The seating position really can't change much -- maybe forward 1' at most -- especially since I plan to add a projector eventually.

On the subs, I'll do some measurements separate from the main (which shouldn't change the 40 Hz null), with them ~1/4 along front wall, and ~1/4 down the side wall, and finally with one in the back-left corner (though I'm worried about this giving a bass massage to the occupants there!). I'd really prefer to have 'em in the corners for asthetic reasons, but that 40 Hz null is crazy deep and wide.

BTW, it is the Front, Right, and Back walls that have concrete under the drywall.

Quote:
Really good to see all the info there, pics and measurements.
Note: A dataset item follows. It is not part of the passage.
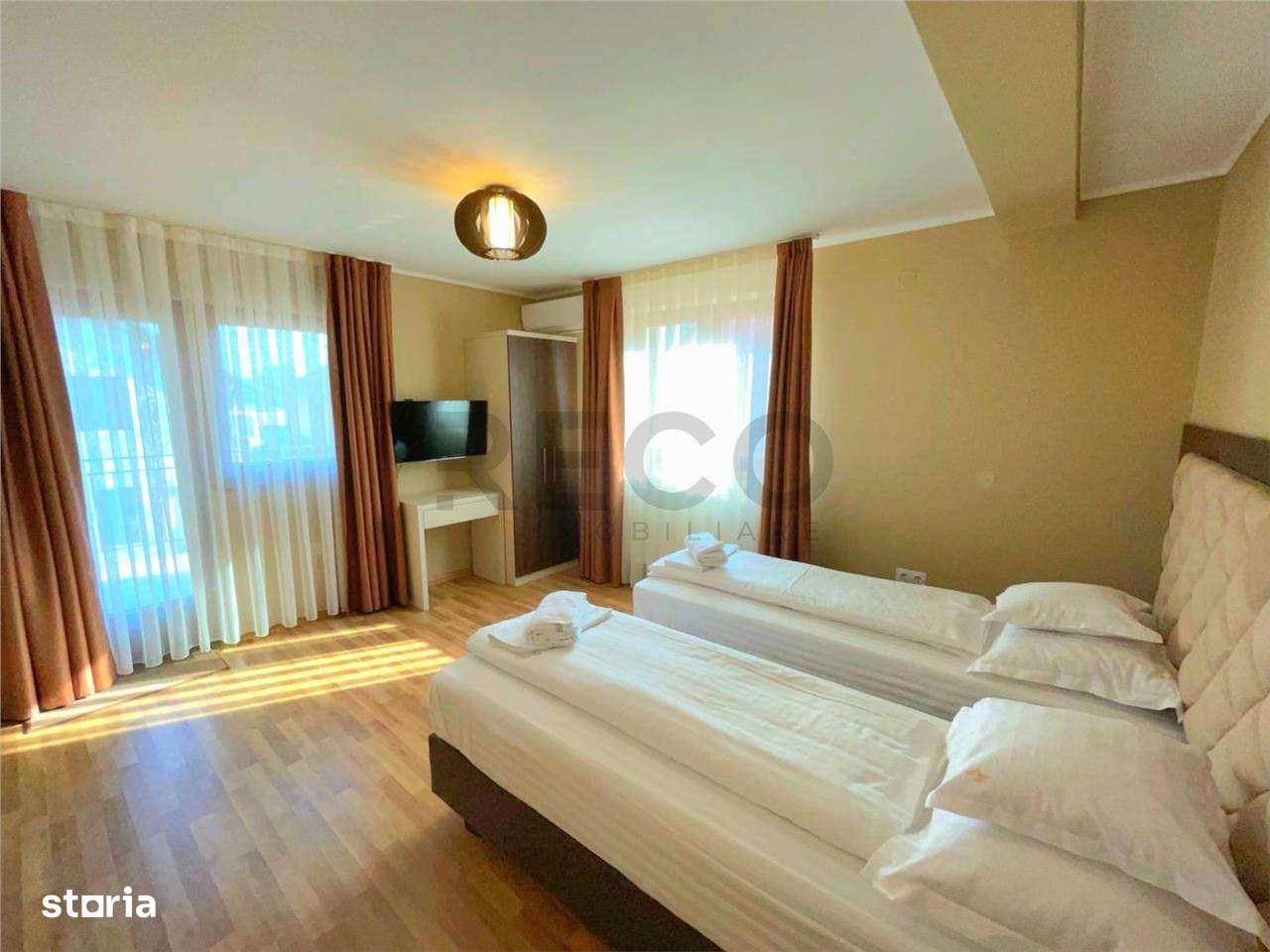 RECO Vila moderna la intrare in Sanmartin - Imagine principală: 5/12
Very helpful for others to see and learn from.
Thanks! I don't see many true before-and-after comparisons; usually people have moved equipment, mics, furniture, etc. Even when I measure my room today, it doesn't read the same way as my last measurement -- I've moved one box that was sitting behind the couch, and someone bumped the mic so I had to carefully reposition it based on my tape markings, and the temperature & humidity are different. When I post more results tonight, you'll see how much things moved around.

Quote:
Firstly I see that you've chosen a window of 600ms. One can dramatically change the impression with the settings for a waterfall. Set both time and window to 300, then 600 then 1200 and you will see the same data result in 3 quite different impressions!
The limited resolution of REW means causes me to loose too much resolution beyond 600 ms window, and 300 ms window just doesn't capture the resonance length in my room. Haven't played with time much. Besides showing me a different absolute view, is there are reason to play with this?
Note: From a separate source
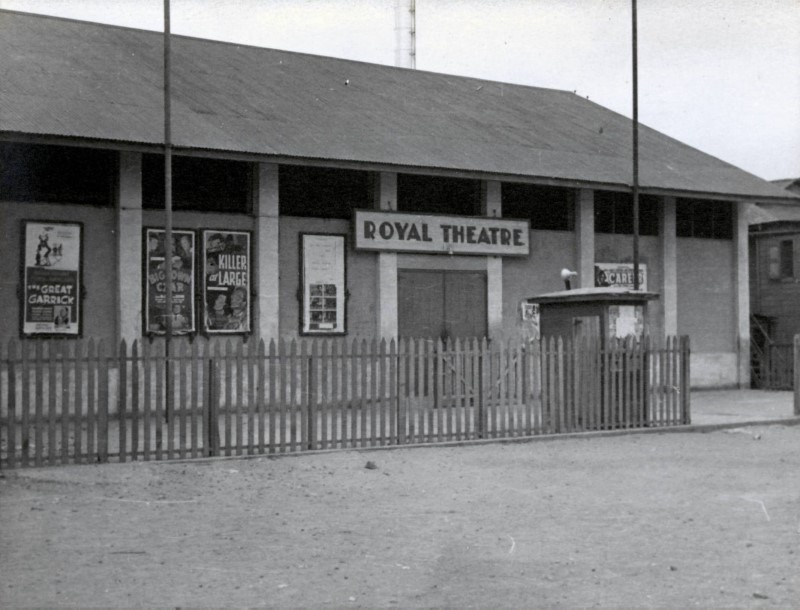 194xroyaltheatre363739.jpg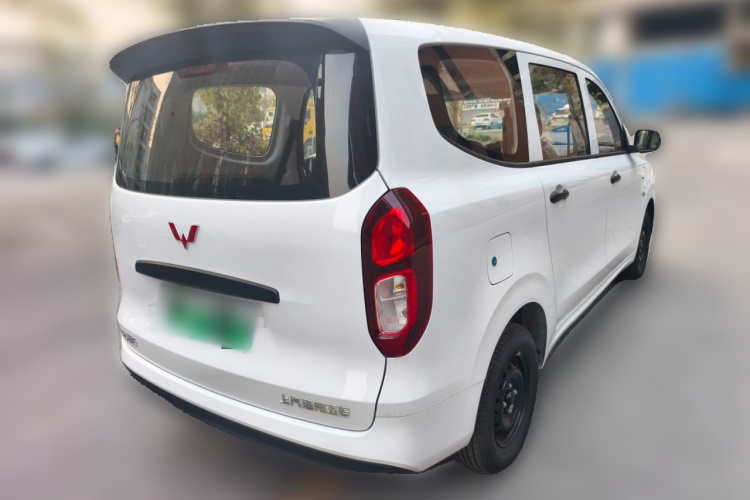 五菱汽车 五菱宏光新能源 2025款 增程式混动 50KM 标准型车身外观6005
I was mostly concerned with showing an apples-to-apples relative comparison before and after, so I figured as long as I used the same settings I was fine.

Quote:
Regarding your front wall corner traps, here is an idea that you might not have considered. I'm doing a similar thing - building very large traps which will look like a studio soffit speaker mount. In my case I'm building horns that will sit flush in a bass trap at 30 degrees and about 1.2m wide. Looks like you could do a similar thing. You build them around your speakers so they sit flush, and then you get a very big trap that works down low.
I have a window on the right front wall -- if I want a symmetric setup (for visual reasons), then I'm limited to about 20" deep on that right corner. Otherwise I would have gone with 34" faced SuperChunk style angled traps. But as it is, I would have had to start it 34" then drop to 24" face at the window. Also, the wall-ceiling boundary is complex in that corner, another reason I'd be limited on depth on the upper portion.

If I end up with my subs not in the corners (e.g. roughly 1/4 along front wall), I may revisit my corner traps. First I'd just stuff 18"x18" into the corners where the subs were going to go, and if I'm still not happy, I may got 34" SC for the first six feet and then switch to 18x18" pillars from there (uglier, but more effective).

Lets see where I land after further bass trapping, and some sub placement!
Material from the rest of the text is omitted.